That’s a really good summary. Just like security, this is 90% about having an inventory and knowing what happens where. Awesome write-up and pretty close to a “you’re joining a new company as a devopsy/sre person, how do you learn about things missing from onboarding / what questions to ask”.
I bookmarked it with the same “what to ask on joining” intention, good point! Do you know anything like this for data engineering and adjacent disciplines? I can’t get through the massive number of “top 678 interview questions to ask”-type articles when I search for it :’(
[my problem is not primarily with the content of this article, but the context]
“Whatever got you here, your infrastructure person has left, maybe suddenly. You have been moved into the role with almost no time to prepare. “
This is a terrible, terrible situation.
The point of devops is not “devs can do ops!”. The point of devops is that devs and ops should work together, using the tools of modern software development to implement repeatable, debuggable operational infrastructure. This is not a new idea; cfengine was written in 1993, and that wasn’t the first run at devops methods, just the first one that gained traction. Ops have always written software tools to help out.
If you have no ops experience on your team, you cannot “do devops.” At best, you can start learning operations skills. Think of this as a software development project where you do not have a subject-matter expert at hand and you probably don’t have a requirements document other than “the spice must flow!”.
If your company had a single operations person and suddenly they don’t, you have three problems:
If this is the situation you find yourself in, it is probably past time to find another company.
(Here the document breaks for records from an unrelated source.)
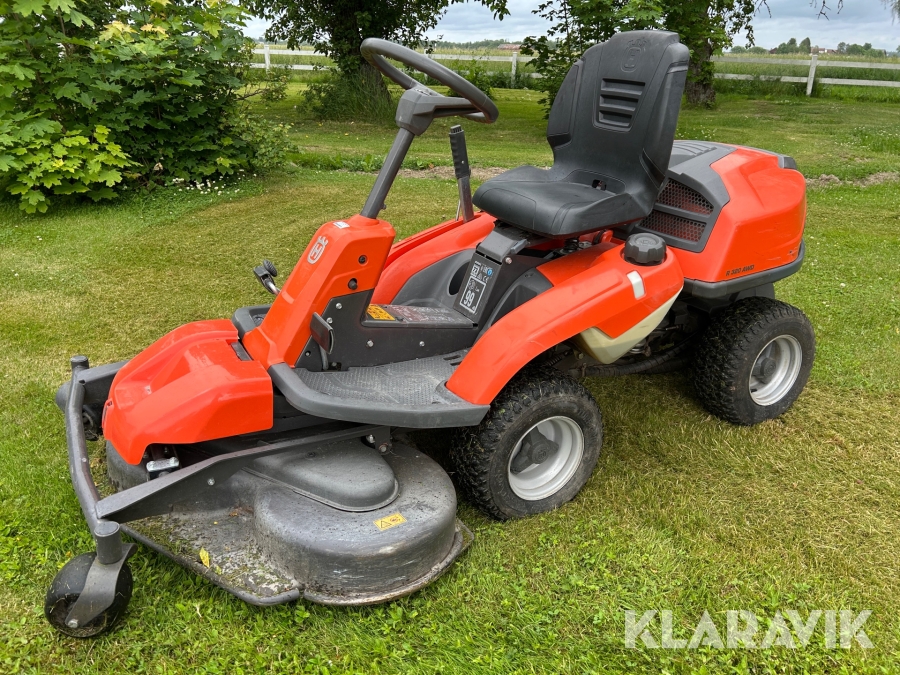 Åkgräsklippare Husqvarna R 320 AWD
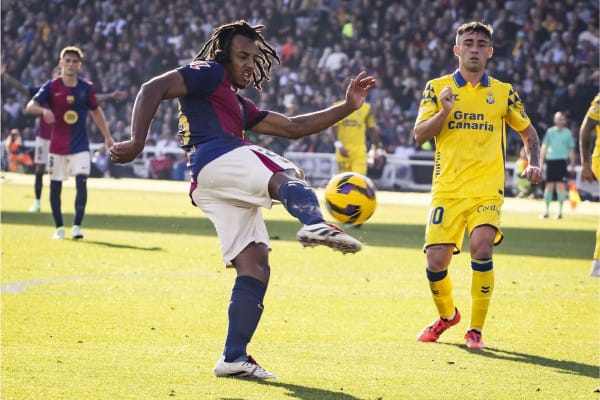 Las Palmas menang, Barcelona kalah - Liga Spanyol 2024 - Gol Fabio Silva - Sandro Ramirez cetak gol - Drama Liga Spanyol - Klasemen sementara Barcelona - Persaingan Real Madrid - Kekalahan tiga laga - Gol jarak jauh Rapinha - Hansi Flick Barcelona.
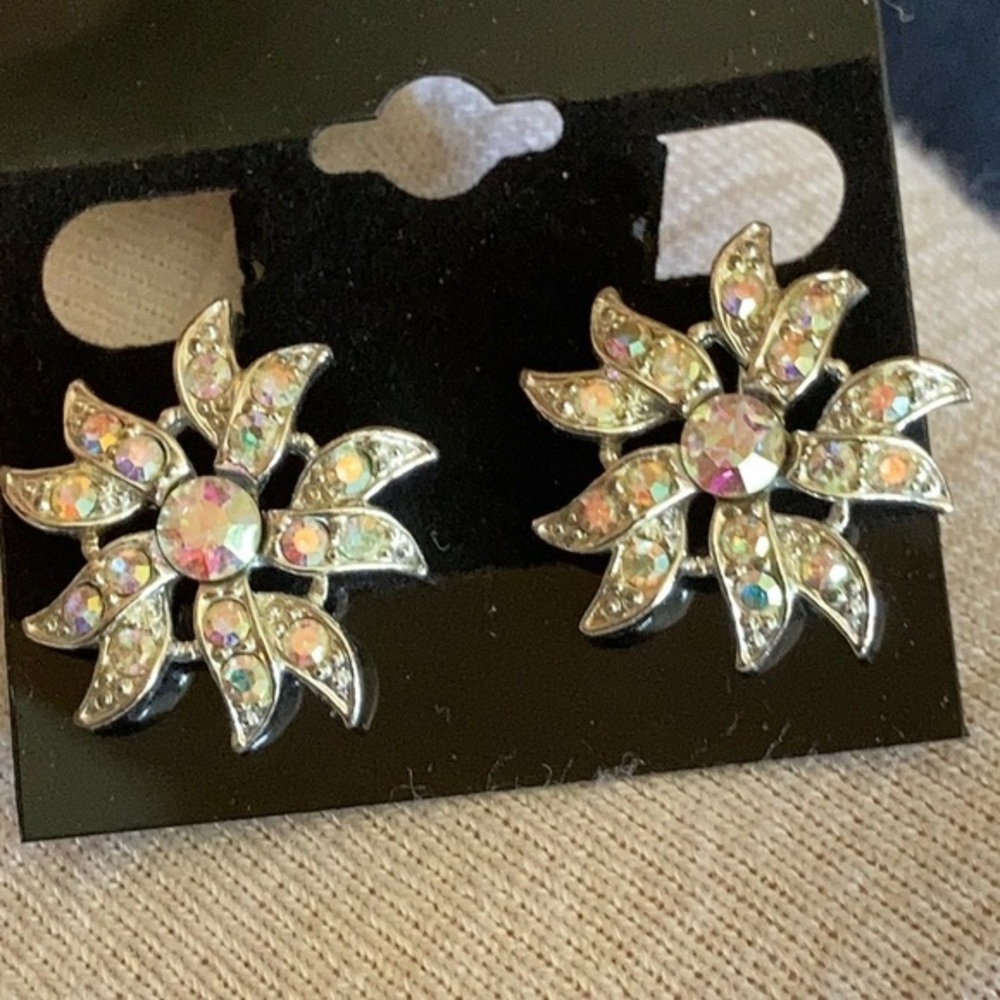 VTG Sarah Coventry cluster flower silver tone & rhinestone clip back earrings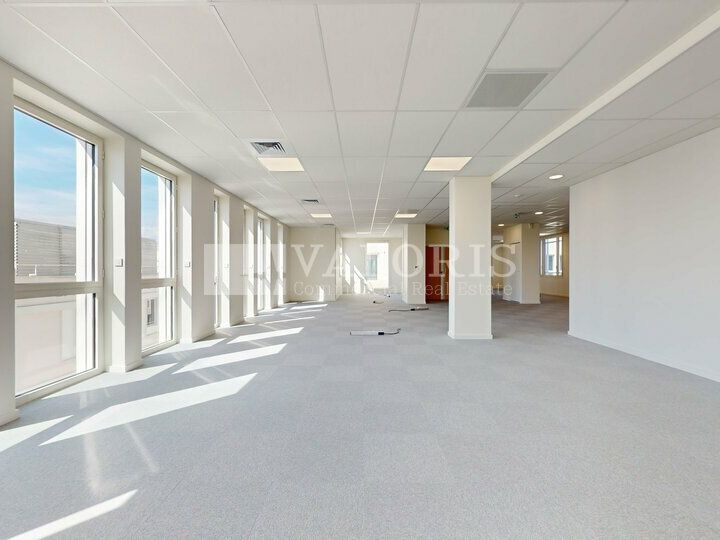 Valoris Real Estate vous propose ces bureaux prestigieux au cœur du Parc Olympique Lyonnais à Décines.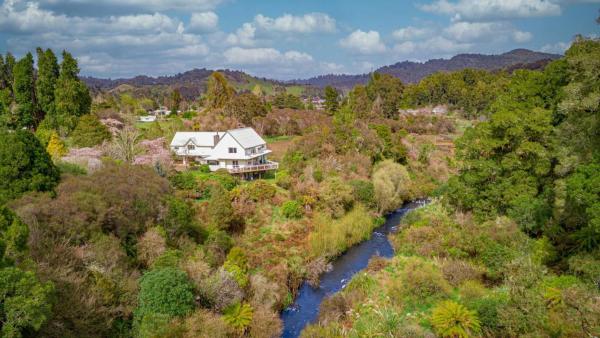 Spiral Gardens Country Park Retreat, Buchen Sie  Hotels in Nordinsel mit Parkplatz, Parkplätze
If you are the founder/owner: how did you not see this coming? There were no warning signs? Consider pausing all activity in order to rethink the company.
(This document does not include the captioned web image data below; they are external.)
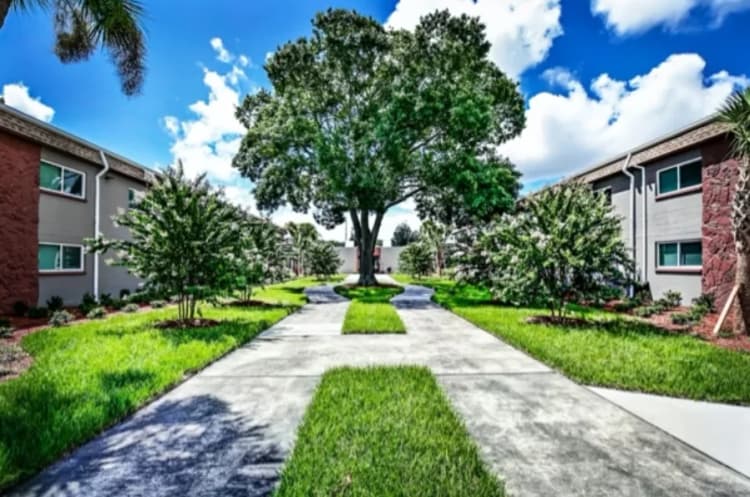 St. Petersburg apartments for rent - image - Screenshot 2026-07-28 143036.png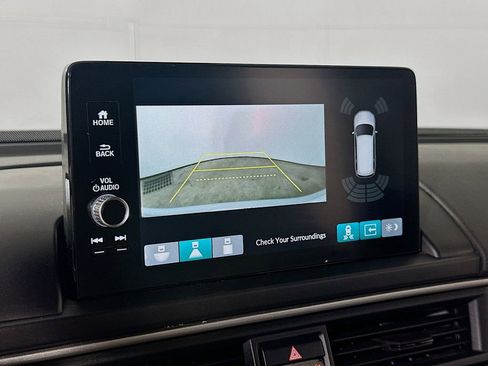 Used 2024 Honda Pilot EX-L image 9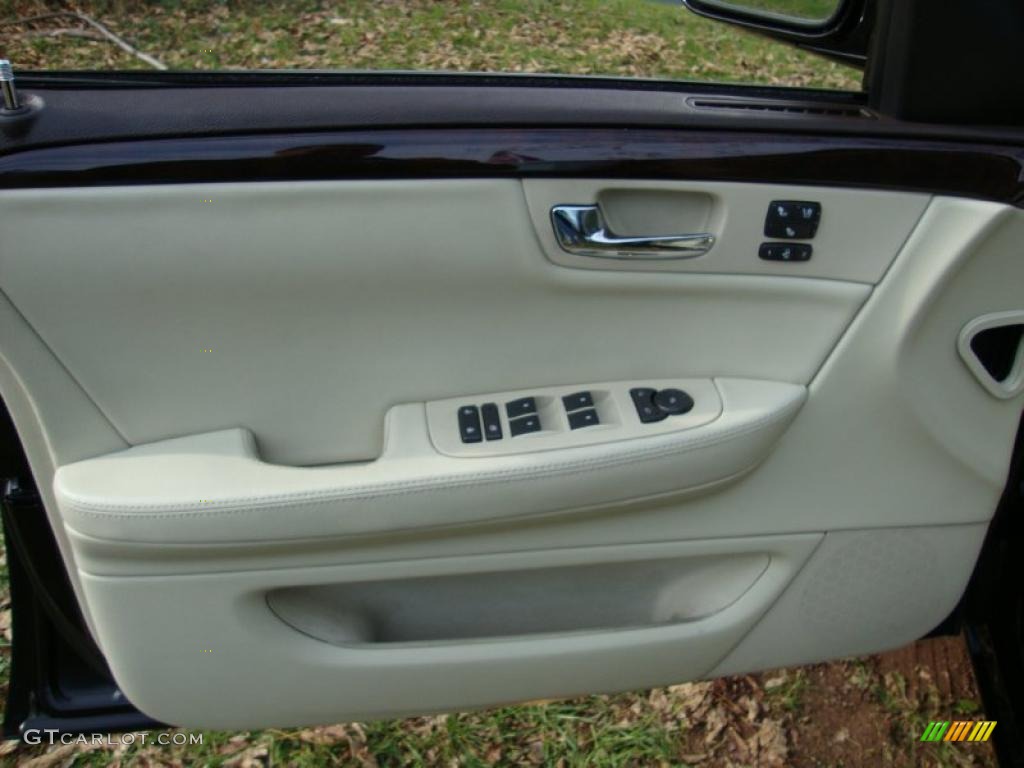 2009 Cadillac DTS Luxury Light Linen/Cocoa Door Panel Photo #40346702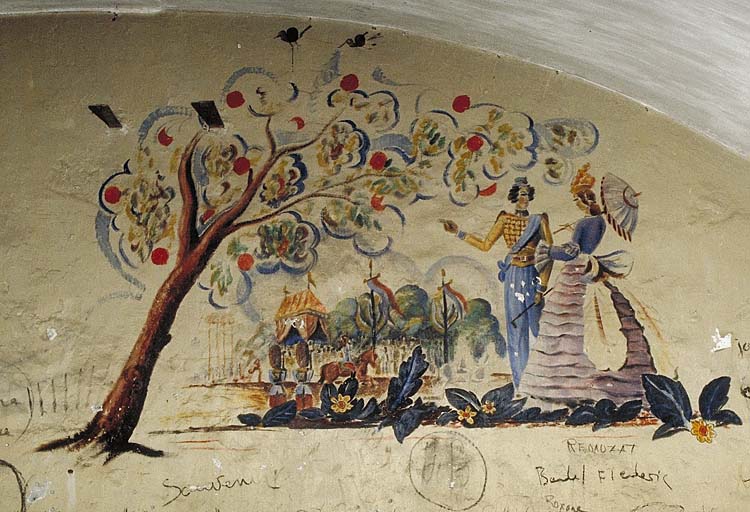 Caserne, chambre de troupe du rez-de-chaussée. Peinture murale : scène galante sous un arbre.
A company with a single devops person is probably a company with limited resources, not enough work for two devops person, and has probably many more risk than losing a devops person. While this is not a nice situation to be in, there are many more terrible situation to be in. It doesn’t make any sense to overcommit scarce resources in one business area, especially if one possible fix is to take an existing developer, hope he keeps the fire down for a while, giving you time to find someone else to keep thing running smoothly. What else would you suggest?
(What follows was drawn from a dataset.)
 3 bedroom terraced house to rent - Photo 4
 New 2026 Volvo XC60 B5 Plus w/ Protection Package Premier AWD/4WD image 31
You say “devops person” as though it were a separate job title.
In that small company, everyone in development and ops and network engineering and security is on the devnetopsec team. Cross-train. Document. Or accept the risk that one person leaving will sink the company.
Great takeaways from this article. I would love to see some of the listed follow-up articles on this topic, especially:
DNS. If it’s not in the terraform directory we made before under Route53, it must be somewhere else. We gotta manage that like we manage a server because users logging into the DNS control panel and changing something can cripple the business.
Kubernetes. Should you use it? Are there other options? If you are using it now, what do you need to know about it?
Migrating to managed services. If your company is running its own databases or baking its own AMIs, now might be a great time to revisit that decision.